## What the exercise asks
Exactly as written, return every line of the data below apart from the pictures.

## Dataset excerpt

=-=-=

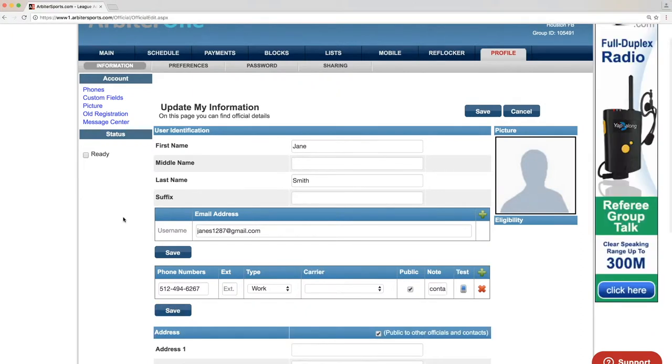For an added touch of personalization, you can add a profile picture by clicking the Picture link under Account at the top left of the screen.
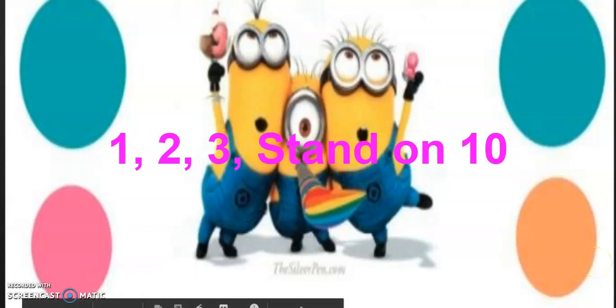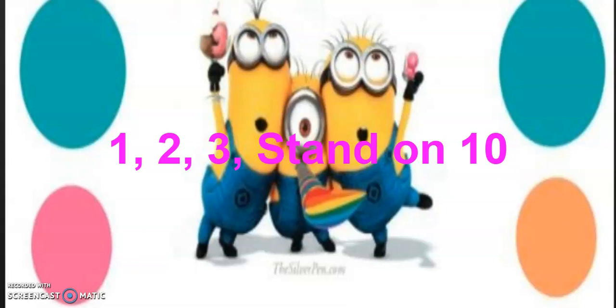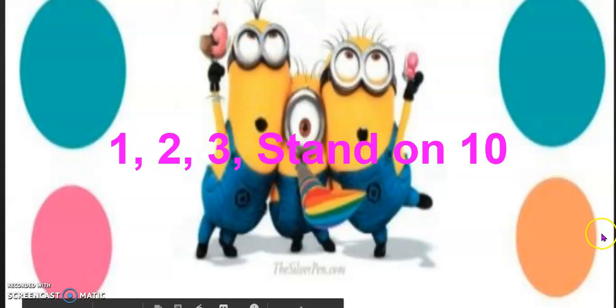Let's play a counting game. This counting game is called 1, 2, 3, stand on 10. We're going to count all the way to 10. When we get to 10, we stand up. Ready? Let's begin.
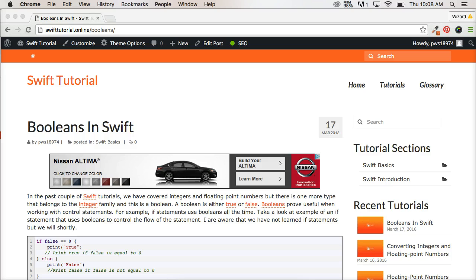Hello and welcome to another Swift tutorial. In today's tutorial we're going to talk about booleans. We were just talking about integers and floats. Now let's talk about the third number type.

=-=-=

## Exercise response
For an added touch of personalization, you can add a profile picture by clicking the Picture link under Account at the top left of the screen.
Let's play a counting game. This counting game is called 1, 2, 3, stand on 10. We're going to count all the way to 10. When we get to 10, we stand up. Ready? Let's begin.
Hello and welcome to another Swift tutorial. In today's tutorial we're going to talk about booleans. We were just talking about integers and floats. Now let's talk about the third number type.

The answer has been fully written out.